As Ronald Reagan used to say, it does no good to throw a drowning man a rope, make sure he has a tight grip, then drop your end -- to go help someone else.

That principle applies with equal force in international relations. Troubling, therefore, are recent reports that the United States could walk away from a long-term commitment to South America called the "Andean Counterdrug Initiative"(ACI), also known as "Plan Colombia."

By most objective measures, this stabilization effort has been a resounding success. Most notably, ACI lowered coca and heroin poppy cultivation more than 30 percent between early 2002 and early 2004 -- and has kept an estimated 20,000 drug-funded terrorists off balance. Perhaps more importantly, ACI constitutes a primary engine of positive change -- including economic growth -- in a region buffeted by unwelcome forces, including divisive radical socialism, especially from Venezuela.

To date, ACI has cost $3.5 billion. In context, that is about 1 percent of the U.S. commitment to Iraq over a shorter period. As most know, ACI includes aggressive aerial eradication of most of Colombia's drug crop, regional support for criminal justice and human-rights institutions, hands-on training and material for the Colombian National Police and counterdrug brigades, an infrastructure for sharing and using real-time counterterrorism and drug intelligence, wider maritime and airport security, educational efforts like "culture of lawfulness," and regionwide alternative development programs taking root in Colombia, Bolivia, Peru and elsewhere.

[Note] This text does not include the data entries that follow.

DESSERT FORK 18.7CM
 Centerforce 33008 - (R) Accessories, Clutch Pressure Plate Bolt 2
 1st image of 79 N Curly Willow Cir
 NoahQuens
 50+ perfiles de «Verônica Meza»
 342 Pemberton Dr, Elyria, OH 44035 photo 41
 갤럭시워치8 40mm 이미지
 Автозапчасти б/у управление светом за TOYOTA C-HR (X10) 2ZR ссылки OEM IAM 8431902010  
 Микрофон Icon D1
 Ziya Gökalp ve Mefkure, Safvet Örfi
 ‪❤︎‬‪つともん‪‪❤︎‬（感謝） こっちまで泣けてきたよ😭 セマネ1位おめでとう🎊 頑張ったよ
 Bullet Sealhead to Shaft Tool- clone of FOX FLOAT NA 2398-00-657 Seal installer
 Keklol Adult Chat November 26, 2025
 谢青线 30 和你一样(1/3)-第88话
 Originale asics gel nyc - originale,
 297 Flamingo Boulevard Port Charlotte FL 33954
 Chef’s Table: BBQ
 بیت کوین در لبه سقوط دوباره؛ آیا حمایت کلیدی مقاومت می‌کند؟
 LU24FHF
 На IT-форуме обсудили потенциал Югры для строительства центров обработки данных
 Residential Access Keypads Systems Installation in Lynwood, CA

Conceived by a Republican Congress in the mid-1990s and endorsed by the Clinton administration in 1998, this coordinated approach aims to stabilize South America's oldest democracy, lower drug production regionwide and put tens of thousands of terrorists on the defensive -- and eventually out of business. Against a steady head wind, it is succeeding.

Beyond reducing the region's drug cultivation -- and cutting drug money to terrorists -- ACI has given hope to people across the region. Not least, the plan has assisted Colombian President Alvaro Uribe, one of our staunchest allies, in turning his country around. A visit with President Bush last year highlighted their combined commitment. Said Mr. Uribe, "I have found in President Bush a huge level of understanding that we cannot leave this fight half-way. ... Our main target is... to eliminate terrorism... to finish with that plague."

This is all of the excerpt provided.